These allegations compel the conclusion that Scott was not appellants' agent but acted exclusively as an agent for the seller, Barclays. [7a] This conclusion, however, is not fatal to appellants' case. In Ward v. Taggart (1959) 51 Cal. 2d 736 [336 P.2d 534], the court upheld a purchaser's cause of action against a real estate broker in the absence of an agency relationship. The question becomes whether Ward should apply to the facts alleged in the complaint.

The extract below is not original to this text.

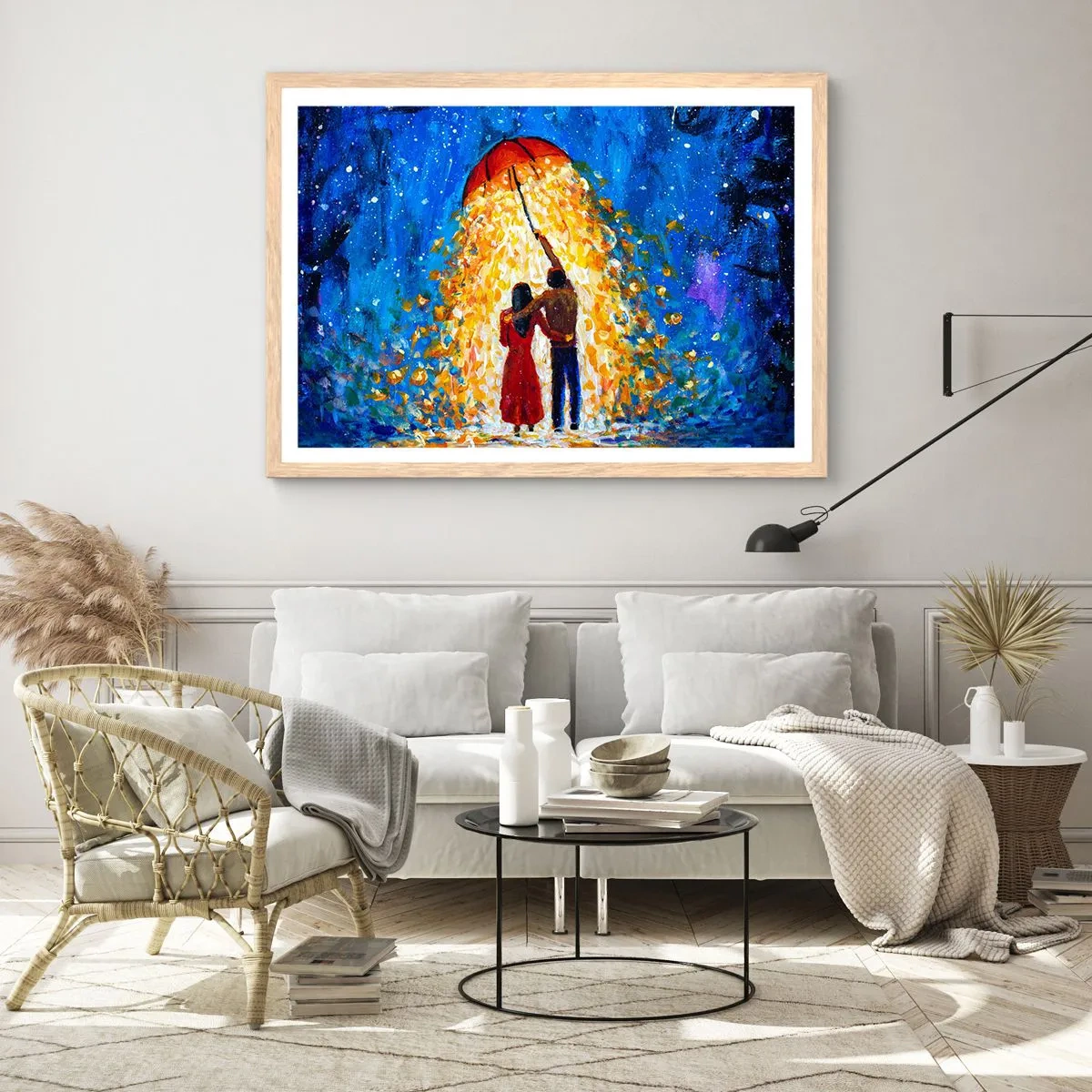 Poster în ramă de stejar deschis - Magia unei seri ploioase? - 100x70 cm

In that case, the plaintiff, Ward, requested a real estate broker, Thomsen, to look for attractive investment property in Los Angeles. Another real estate broker, Taggart, told Thomsen that he had an exclusive listing for 72 acres of land owned by Sunset Oil. Ward directed Thomsen to submit an offer for the land through Taggart for $4,000 per acre. Taggart promised to convey the offer to Sunset Oil but later informed Thomsen that the company would not accept less than $5,000 per acre. Upon receiving this advice, Ward authorized Thomsen to make an offer on those terms. Taggart informed him that Sunset accepted the offer. At the closing, however, title to the property appeared in the name of one of Thomsen's associates. Taggart offered elaborate explanations for this surprising circumstance, and Ward was persuaded to buy the property. Afterwards, Ward learned that Taggart had never held a listing on the property and had never presented his $4,000 offer to Sunset. "Instead, he presented his own offer of $4,000 per acre, which Sunset accepted. He falsely represented to [Ward] that the least Sunset would take for the property was $5,000 per acre, because he intended to purchase the property from Sunset himself and resell it to plaintiffs at a profit of $1,000 per acre. All the reasons he gave for the unusual handling of the sale were fabrications." (51 Cal.2d at p. 740.)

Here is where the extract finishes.